A word-for-word copy of the lines below, starting at the line with "Outerwear Trends Los" and ending at the last one, is what you should give. Omit every picture.

Pictures with short captions:
▬▬▬▬▬▬▬▬▬▬
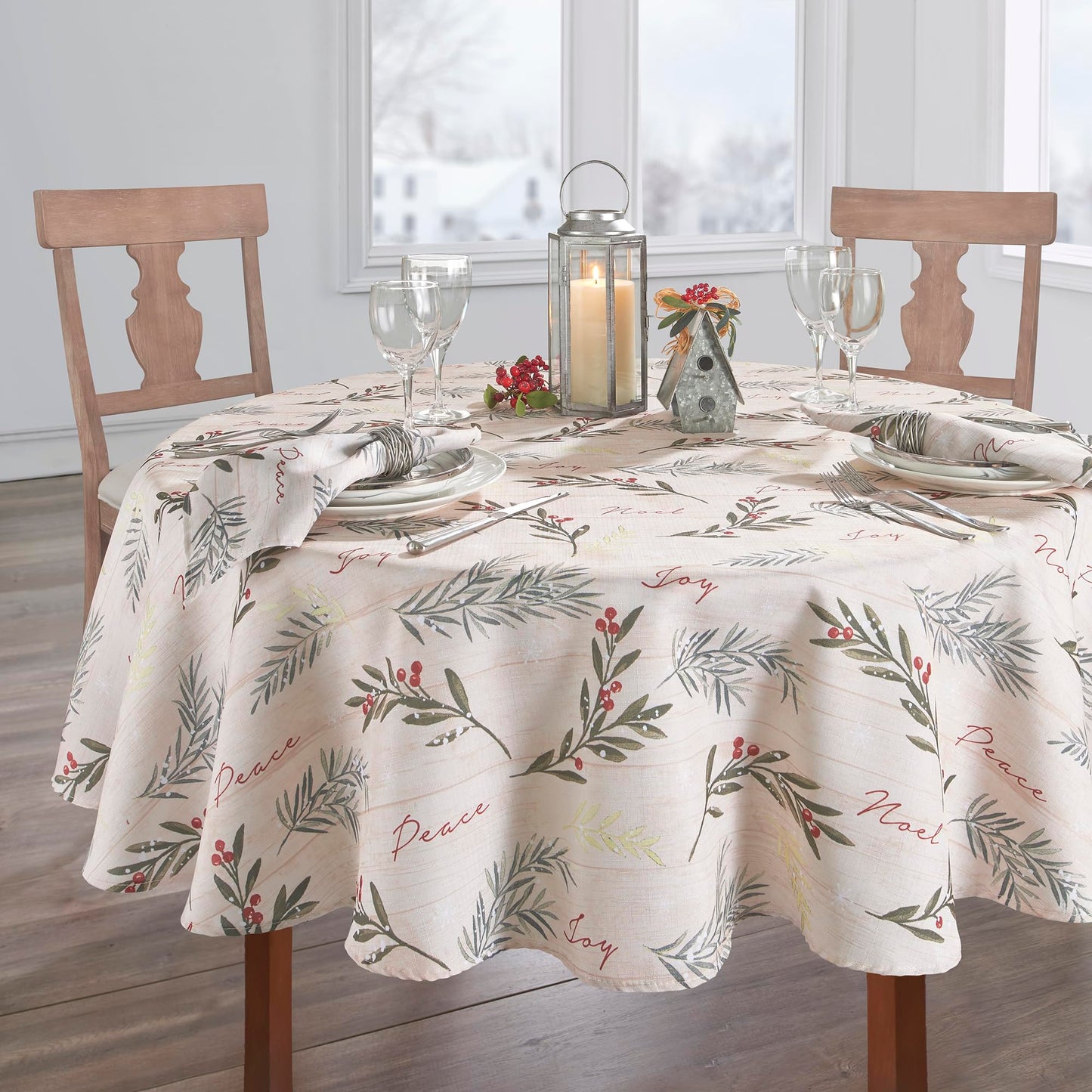 Elrene Tablecloth, 91292MLT, Multi, 60" x 84" Oval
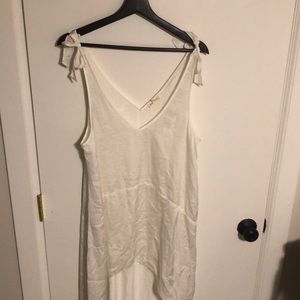 Silence + Noise High Low Tie Shoulder Tunic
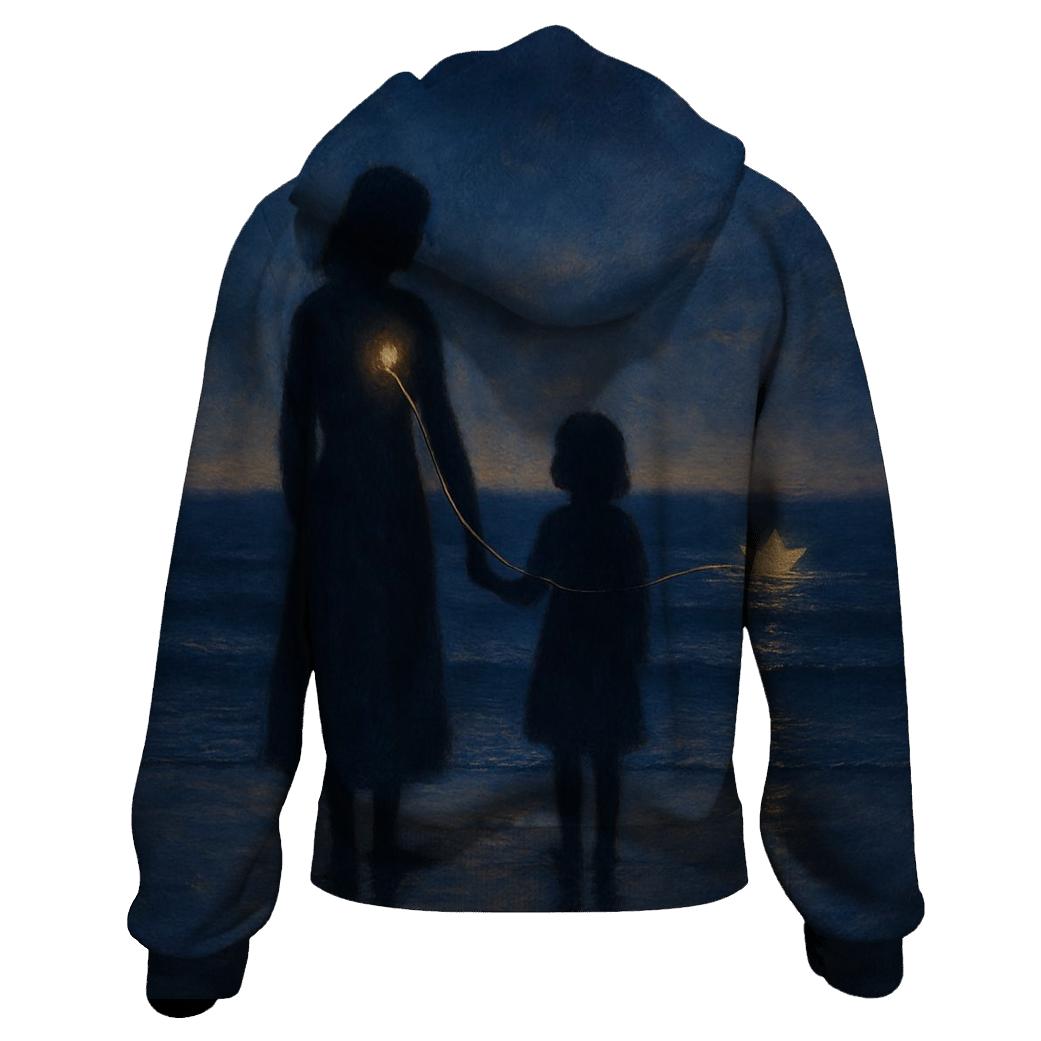 The Heart As Harbor A Mother Who Lets You Sail And Still Come Home embroidered hoodies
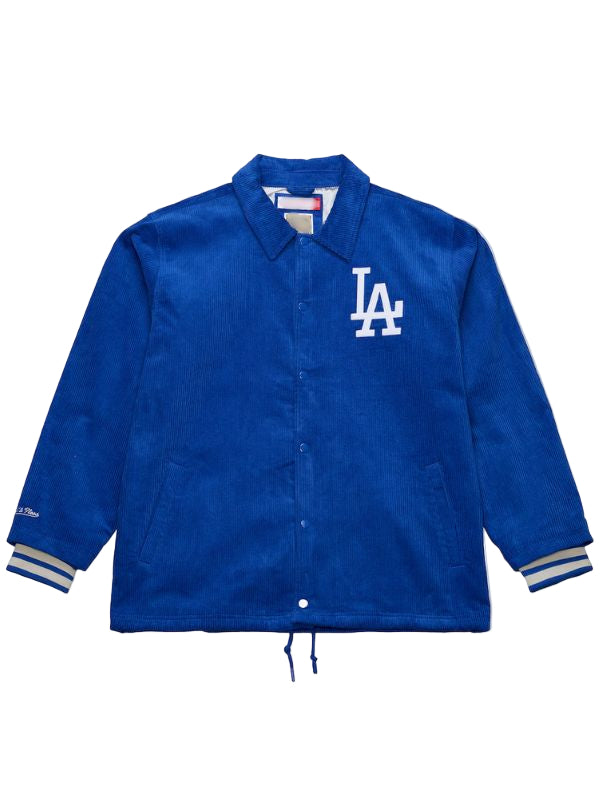 Outerwear Trends Los Angeles Dodgers Royal Off the Bus Blue Corduroy Jacket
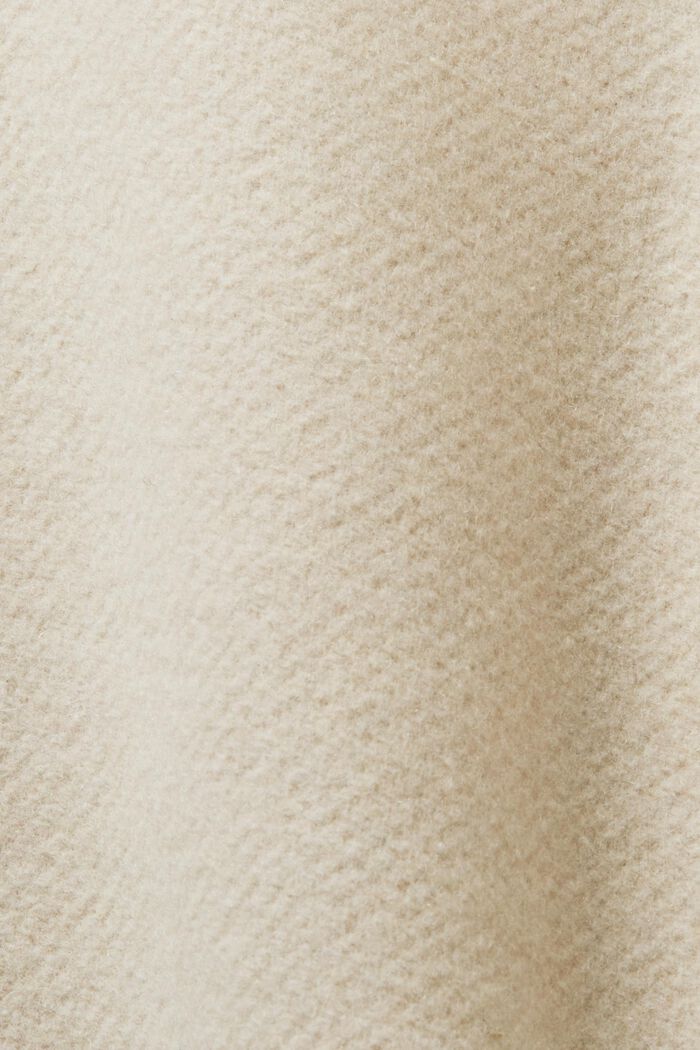 Overhemd van een geruwde wolmix, OFF WHITE, detail image number 5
▬▬▬▬▬▬▬▬▬▬
#### Your solution:
 Outerwear Trends Los Angeles Dodgers Royal Off the Bus Blue Corduroy Jacket
 Overhemd van een geruwde wolmix, OFF WHITE, detail image number 5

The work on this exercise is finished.